This post is from staff writer April Dykman.

I never make New Year’s resolutions. I’ve got nothing against them, but I’m usually already working on resolutions made throughout the previous year. I’m too impatient to wait for an arbitrary day to start changing something in my life.

One example? Less-than-healthful holiday eating habits. I’m a health nut by nature — I crave kale, and soft drinks have zero appeal. But on December 25, you can bet I’m going to eat my mother-in-law’s homemade tamales and buñuelos. Not to mention that my father-in-law, who runs a bakery, brings a box of campechanas, my favorite kind of Mexican sweet bread. It’d be rude to turn that down, and seriously, who would want to? It’s delicious and made with love. But on December 26, I’m back to my normal eating habits. Why wait for January 1?

Still, a new year signifies a new beginning, and it’s a time when many people reflect on the past year. If you’ve made a resolution, one way to kick your year off right is with a 30-day challenge. I don’t mean an insanely restrictive budget or cutting back on the cocoa in your hot chocolate to save money. A challenge should be interesting and fun — not something you dread. And who cares that it’s already January 5? Dates are just dates. Try one challenge, and maybe when it’s over you’ll try another.

Challenge 1: Save $1,000 in 30 days.
“Americans suck at frugality,” writes Ramit Sethi of I Will Teach You To Be Rich. “We spend more than we make. We’re terrible at deferring our immediate wants and investing for the long term. We go into debt. And we blame everyone but ourselves.”

Yet despite our bad habits (and because of them) the vast majority of us worry about money. So Ramit developed a 30-day plan of actionable items — tasks you can easily complete in under one hour that will save you serious amounts of money. According to Ramit, the problem with most “save money” tips is that they are too abstract, too labor-intensive, and/or too myopic.

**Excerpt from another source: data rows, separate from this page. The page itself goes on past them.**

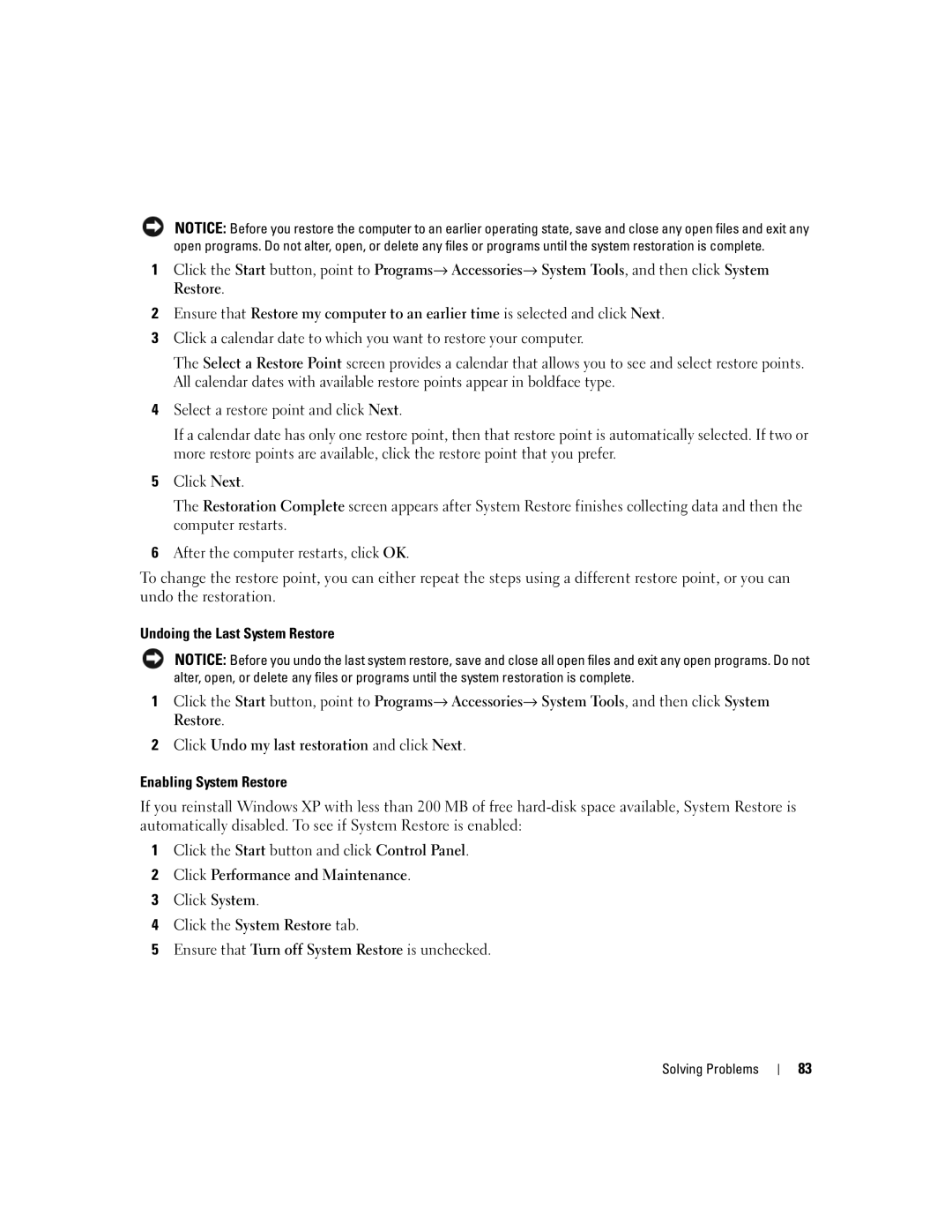 Dell 1501 owner manual Solving Problems 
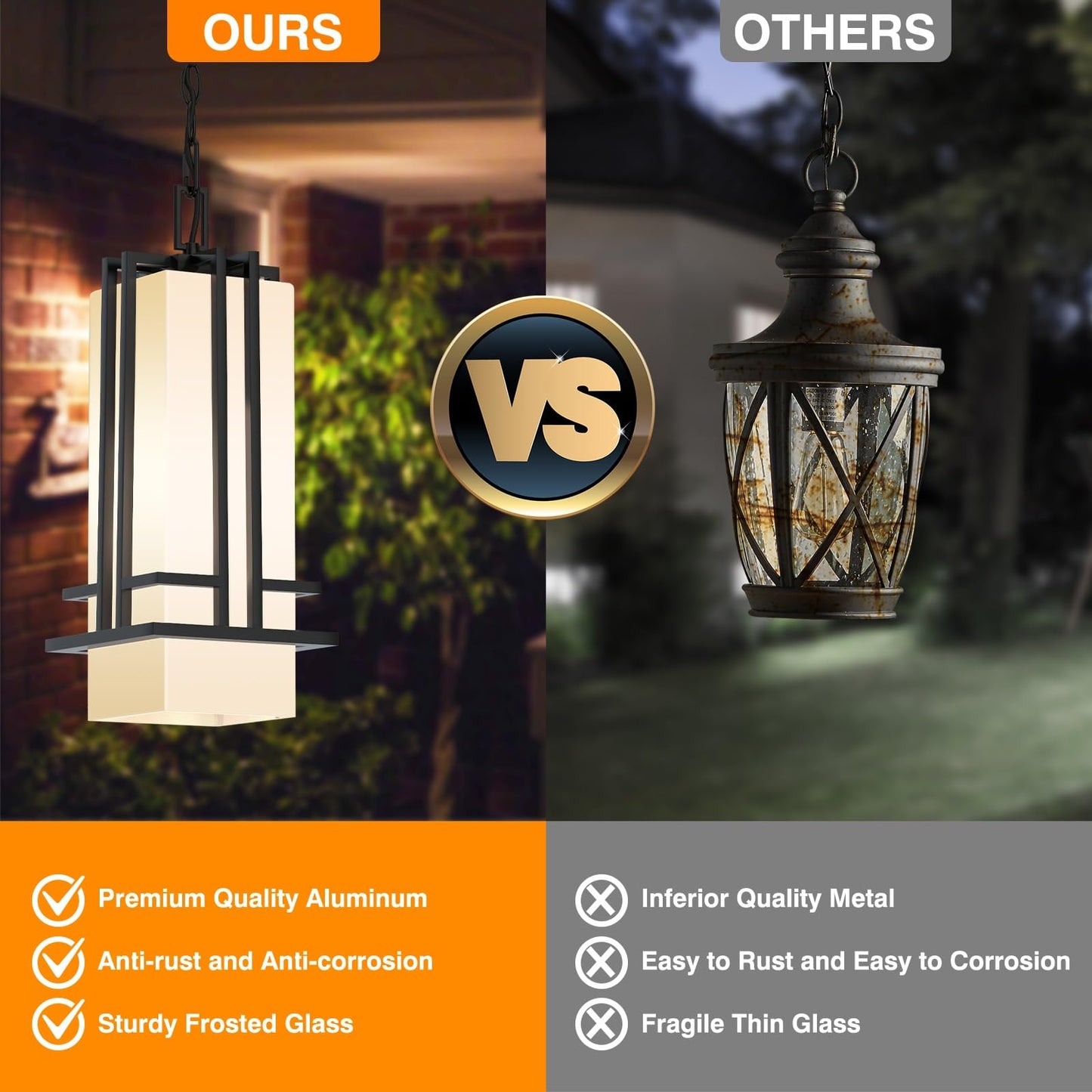 Yoenecea Outdoor Pendant Light Fixture - Aluminum Exterior Hanging Lantern, Outdoor Hanging Light with Black Adjustable Chain Outdoor Pendant Lights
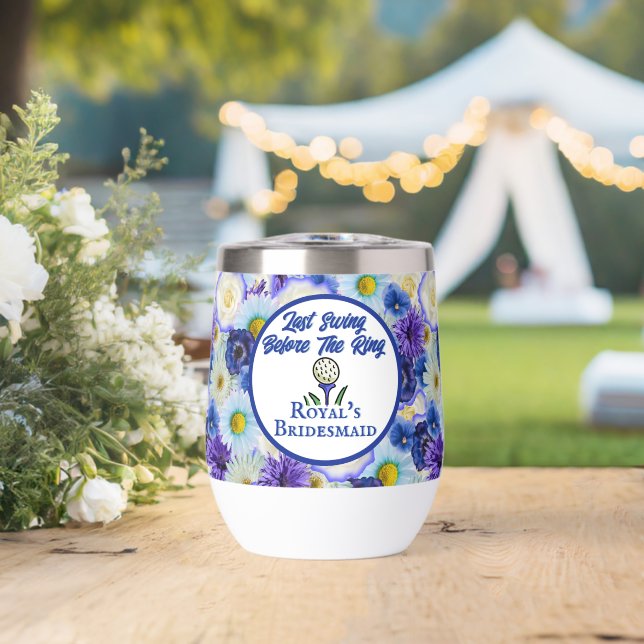 Bachelorette Party Bridal Shower Golf Blue Floral (Boda (girada))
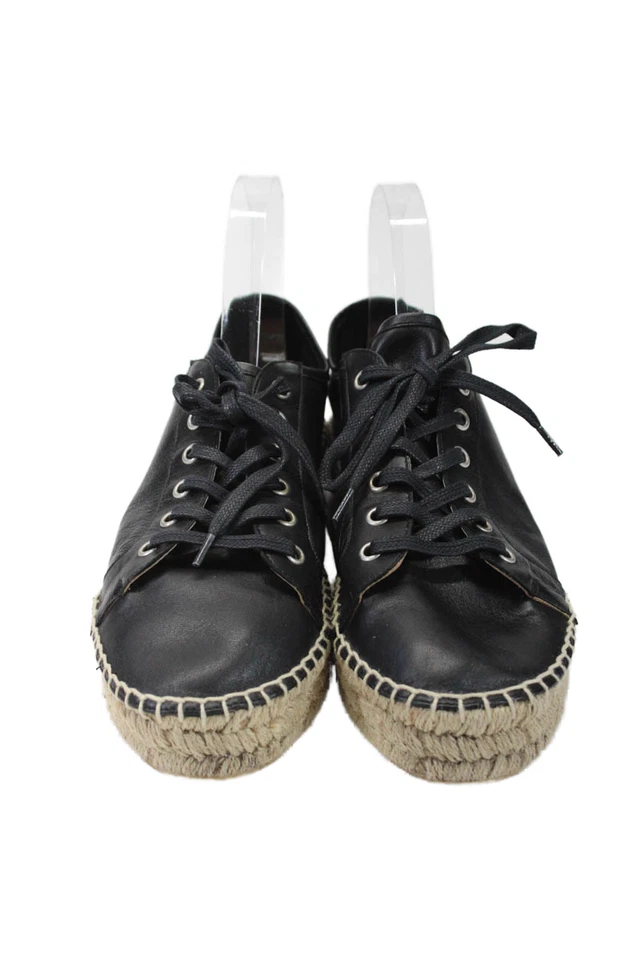 Zapatillas deportivas alpargata Aquatalia de cuero con cordones bajas negras talla 9 Foto 2 de 4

For example, “start a garden” is a tip that might save you money, but it’s going to take money to get started, a great deal of time to reap the rewards, and that all assumes that you have both an interest in gardening and that you know enough about it to not kill off your entire crop.

Instead, his plan show you how to pick up the phone and negotiate your car insurance, rethink and lower your cell phone bill, and lower your commuting expenses. “…I will ask you to cut back on some things – sometimes radically,” writes Ramit. “For example, if you get your nails done or eat out every day, that’s gone this month. If you were planning to buy a big-screen TV, you can forget about it in November. You can pick it up next month, but I bet you’ll think twice once you save $1,000.”

Challenge 2: Remix the clothing already in your closet for one month.
In a clothing remix challenge, you think of new and creative ways to remix your existing wardrobe. Fashion blogger Kendi from Kendi Everyday started her blog to document her daily style, but after just a few months she was out of shopping money. “I introduced myself to the idea of remixing by coming up with the 30 for 30 Remix Challenge,” she writes. Basically she picked 30 items from her closet and remixed those items, and only those items, into 30 outfits.

“The whole point of the remix is to show myself and readers that with a little bit of creativity, you can make what you have work for you,” she says. “This is a challenge to help you learn to shop your closet and to shop smartly.”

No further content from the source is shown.